Marion Gray Traver (born 1892 - died 1979) was an American woman painter remembered in part for her membership and volunteerism with the (originally named) National Association of Women Painters and Sculptors (herein "the Association") during the first half of the 20th Century.  In April 1941, the National Association of Women Painters and Sculptors voted to change the name of the organization to the National Association of Women Artists and at that formative meeting, Traver was elected Recording Secretary, one of six officers. 

For 11 annual exhibitions of the Association, from 1930 through 1940 inclusively, Traver's paintings won the National Association Prize a total of 5 times.  Importantly, First Lady Eleanor Roosevelt awarded the 1939 annual prize to Traver for the most popular work of art (out of 300 artist entries) at a special Fiftieth Anniversary Exhibition of the Association on September 28,1939.

Exhibitions and press comments 
In February 1921, the first notable New York showing of her work was titled “Monotypes in Color” from February 6th to 25th, 1921 at the Schwartz Galleries, then located at 14 East Forty-sixth Street.  The New York Times review commented:  “She favors increasingly winter subjects and her management of snow effects is remarkably good and well within the capabilities of the enticing medium".  This early review concerning snow landscapes was very telling of her emerging career because many of her later oil paintings included snow.   

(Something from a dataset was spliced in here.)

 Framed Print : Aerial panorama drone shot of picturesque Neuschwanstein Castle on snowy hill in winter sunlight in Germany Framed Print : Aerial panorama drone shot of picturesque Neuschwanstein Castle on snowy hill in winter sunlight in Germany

In January 1928, Traver exhibited both monotypes and oil paintings at the original Art Centre in New York City at 65 East Fifty-sixth Street.  The New York Times commented on this exhibition two times.  The initial New York Times review titled “Winter Paintings Shown” of January 17, 1928 noted “Most of the pictures are Winter scenes of Massachusetts and Vermont and depict the play of sunshine on snow.”  The second New York Times review, printed five days later on January 22, 1928 within “To Be Seen, Work of Variety and Interest in the Galleries” reviewed her work with:  “Marion Gray Traver, now exhibiting oils and monotypes at the Art Centre, is evidently an artist who prefers painting immediate outdoor impressions to the studio approach landscape.  With the free use of the palate knife, Traver has succeeded in transmitting her impressions to canvas with great freedom and range of color.  Minute variations in tonal gray are skillfully welded in “One Winter’s Day,” while other canvases are built on the delicate tints of Spring or on the rich harmonies of full Summer.”  Traver's father and teacher, artist George A. Traver, died “at his residence” shortly after this exhibition on or about March 4th, 1928. 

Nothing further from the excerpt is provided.